There were dead gypsies all over my floor. I fell down on my bed to wait for the police to arrive.
Suddenly, the doorbell rang. I was surprised for three reasons. One: I didn’t think the police would show up so quickly. Two: my dad, who had apparently been here the whole time, answered the door to Three: and then there were two more gypsies. I didn’t see them. I just knew.
A female voice: “We’re looking for our sons. They’re probably lost in here because they’re gypsies and don’t know any better. “
My dad let them in.
Damnit. Vibrations of footsteps walking casually towards my room down the hall. Again.
The woman saw the pile of dead gypsies in my doorway and screamed. I cracked her once on top of her head with my flashlight. She crumpled onto the dead gypsy doormat spread across the liminality. From across the house I heard a gruff man-scream, followed by quick, pounding footsteps. He was running towards the woman’s scream. Towards me.
I was tired of waiting for gypsies to come get me so I could clumsily bludgeon them to death with a flashlight. I would meet this last gypsy in the hallway. I was ready for a fight with freedom.
An older, grey-bearded and bemulleted gypsy ran towards me. Roaring and rage and slobber and all of that. A single savage flashlight uppercut and the man collapsed into heap and rolled past me, landing on his back in the hallway, vacant-eyed, sputtering and gurgling.
I returned to my room, grabbed the pistol and my phone, and hopped over the mounding threshold and back into the hall with the wounded gypsy.

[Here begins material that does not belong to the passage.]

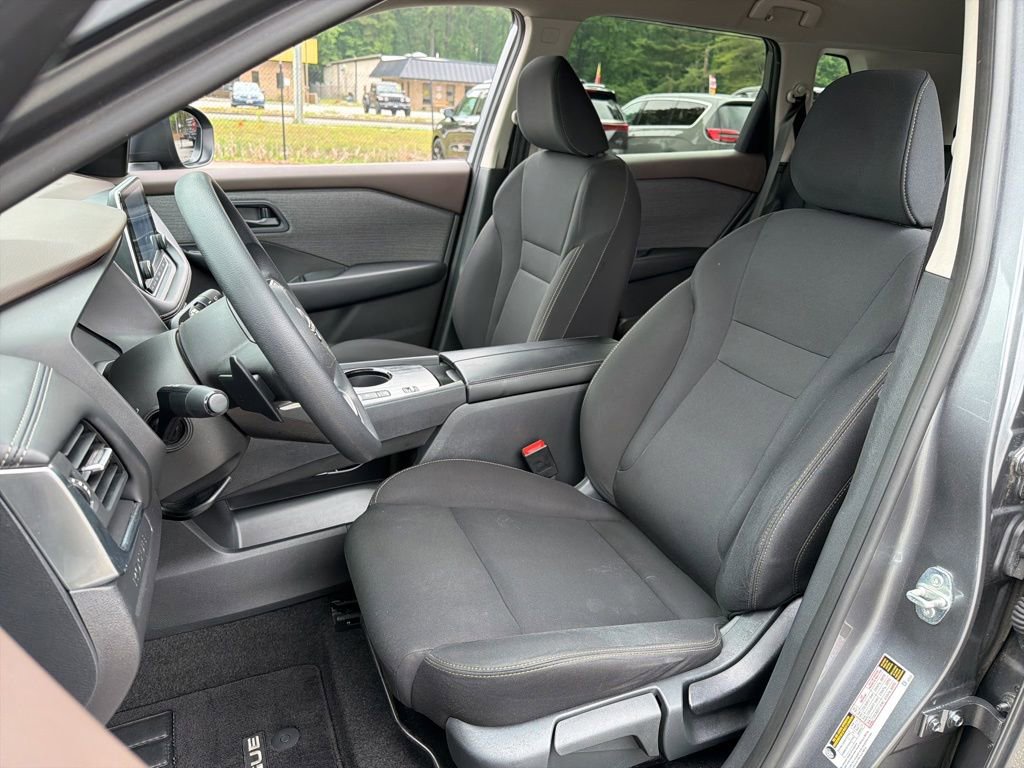 Certified 2023 Nissan Rogue S FWD image 18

“911, what is your emergency?”
“Hey, it’s me again.”
“Hey.”
“I killed another gypsy.”
“Wow. I really want to meet you.”
I raised the pistol and shot the dying gypsy man six times. Twice in the face.
“I just killed another.”
“I heard.”
“I shot him in the face. You better send someone.”
“Okay, we’ll be right there. I’m coming too. I can’t wait to meet you.”
“Okay, bye.”
Within seconds, the police arrived.
What followed was your standard “CSI: Misdemeanor Property Damage” garbage. An investigative headquarters with tarps and clamp lights was set up in my garage. Neighbors were interviewed. Evidence was collected.
There was one problem. No one seemed the least bit interested that I was walking around in the middle of the crime scene inside of which I had just murdered five people or that I was kind of distraught about the whole thing. I couldn’t even get anyone to arrest me. And I tried.
I finally found the dispatcher who wanted to meet me and I’m pretty sure it was that girl Sam from Garden State (2004). Not Natalie Portman. Her character.
Sam, the fictional character from a middle 2000s slice-of-real-but-awkward-life turned emergency dispatcher in my dreams, tells me a few interesting things. One: I had, likely due to duress, miscounted the number of gypsies I had shot and/or beaten to death with a flashlight. There were actually only four. Two: the elder gypsy man I had shot in the face was actually a notorious gypsy king, who was wanted in several states for organizing dozens of these large-scale pandemonious shit-steal-a-thons. Three: the gypsy queen was still wanted and at large. Four: investigators had finished interviewing my aunt, who was now leaving to go on a walk.
Nice. I don’t have an aunt. Well, I mean, I do, a few actually, but none of them were in this dream. Shut up. This is my world.
I run to the front door and look out to see who must be, narratively, because that’s how these things work, the gypsy queen escaping into the woods across the street from my house, not draped over a carpet of dead gypsies with wounds not inconsistent with standard peace-keeping protocols.
I imagine my plan was to chase her down and beat her to death with my flashlight, but I couldn’t because some jerk-off decided to text me at 4:30 in the fucking morning and wake me up.
This isn’t the kind of dream you can just go back to.